Require VPN providers maintain physical ownership of some/all servers

Cannot comment on random datacenter companies but AWS gives you total control too. They have datacenters specificly tailored for regions, like for government contracts, or EU or China. They have strict access and security requirements, so you even as a customer cannot just walkin without proper authorization.

Having a datacenter underground or old military base have no meaning. Is your datacenter guarded by military? No. So, it is just a location and company is using underground bunker, old nuclear silo, old military base, fallout shelter with vault dwellers as marketing gimmick.

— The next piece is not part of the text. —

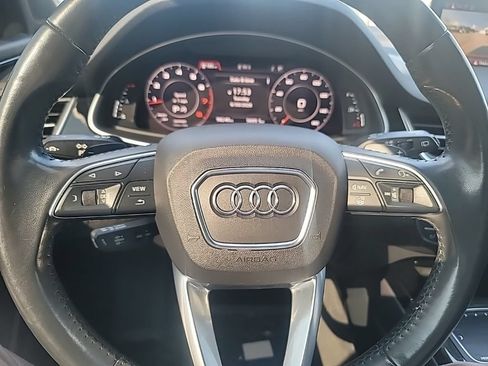 Used 2019 Audi Q7 3.0T Prestige w/ Prestige Package AWD/4WD image 24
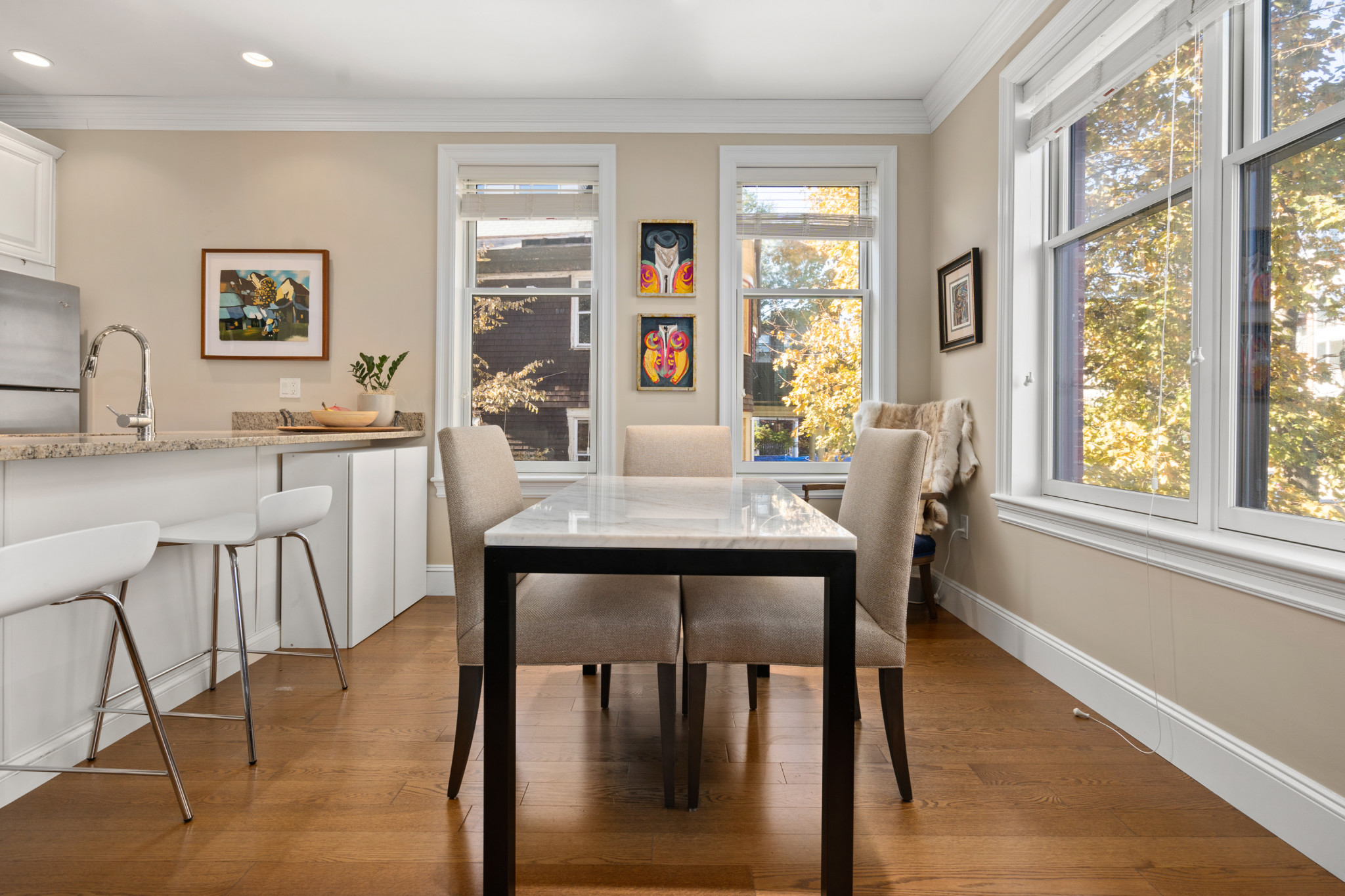 20 Englewood Ave, Brookline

Having your own datacenter is always the best solution, but I feel like you have no idea how much these datacenters cost. Apart from hardware, you also need to take care of personel, security, certifications, as well as environment.

My company has several datacenters around the globe, and one DC in Germany had fire hazard few months ago. One floor was on fire due to electrical malfuction. And downtime was two days, on weekend. Two days of downtime for complete DC and damage cost was in tens of millions of Euro. Just for two days.

Now imagine Proton, Mullvad, or any other company having such things. They are serving millions of people, and Proton is also serving business clients too, which also has SLA requirements. Same goes for Windscribe / Control D duo.

1 Like

This is a reply to my post but it doesn’t actually address anything I said. However, I do want to point out that this section you quoted from Mullvad…

Hosting providers never have direct access to the operating system or the software running on the server itself. If we need their help in rebooting and reinstalling faulty servers, the provider uses remote management.

…does not just apply to owned servers, it applies to all their servers. This is exactly what I’ve been getting at, this is the part that matters and it is not tied to actual ownership of the hardware so making ownership the criteria doesn’t accomplish what you think it does.

This would be a meaningful addition if the requirement was “does not grant third parties access to the software running on any of its servers”

I disagree. The third-party still owns the server and can theoretically do what it wants with it.